This Wall Street Journal headline surely speaks of a market top:
U.S. IPO Market Expects Busiest Week Since 2007
The next sentence virtually identifies the current IPO craze as right in line with the last top in November 2007:
A total of 14 U.S.-listed IPOs are scheduled to price through Thursday night. If they all get done, that would mark the biggest weekly tally since the week ended Nov. 16, 2007, according to Dealogic.
But that’s not all. We then find out what’s in the pending pipeline, and the story becomes really clear:
The initial public offering engine looks to continue running on overdrive this week, with lender Ally Financial Inc and hotel chain La Quinta Holdings Inc. headlining the busiest week for listed debuts since 2007.
Ally Financial used to be the disaster known as GMAC—dual fountain of sub-prime housing (e.g. Ditech!) and auto loans—which went down in flames during the financial crisis and lived to tell aboutit only due to upwards of $30 billion in wholly unjustified taxpayer subsidies and guarantees. So now its all cleaned-up and ready for retail shareholders to embark on a prosperous ride. Right!
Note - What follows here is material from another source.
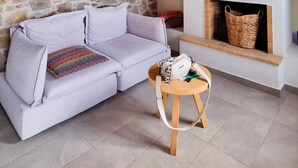 Ein gemütliches Wohnzimmer mit Steinwand, weißem Sofa, kleinem Holztisch und Kamin.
And then there’s La Quinta, which is an uninspired mish-mash of about 800 hotels that are impaled in the still vastly over-built mid-market lodging sector. More importantly, the company has been owned by Blackstone since 2006—most of which time it has tottered on the verge of bankruptcy after being battered by the financial crisis and Great Recession.
Now just in time for interest rates to wend their way toward normalization, La Quinta presents itself as a “growth” story. Yet the reported growth happened only because of Blackstone’s ingenuity in getting “investors”— gorging on cheap debt from the Fed— to build new hotel rooms, and then sign up for stiff front-end fees and long-term franchising arrangements.
So now the public is being invited to purchase shares at nosebleed multiples for a financial engineering operation that will surely suffer a sharp diminution in net income next time the US economy hits the skids. Indeed, at the indicated IPO range, the enterprise value would be in the range of $5 billion compared to LTM EBITDA of about $260 million.
So there you have it—nearly 19X cash flow for a company that has been floundering for years; which had LTM revenues of $850 million or just barely above the level of 2008; which incurred a net loss of $70 million in its most recent LTM reporting; and which has no obvious competitive advantage—just another big flashing hotel marque among the dozens built along the leveraged corridors of suburbia.
Yes, when they trot out La Quinta and the Son of Ditech it might be safely assumed that the top is in.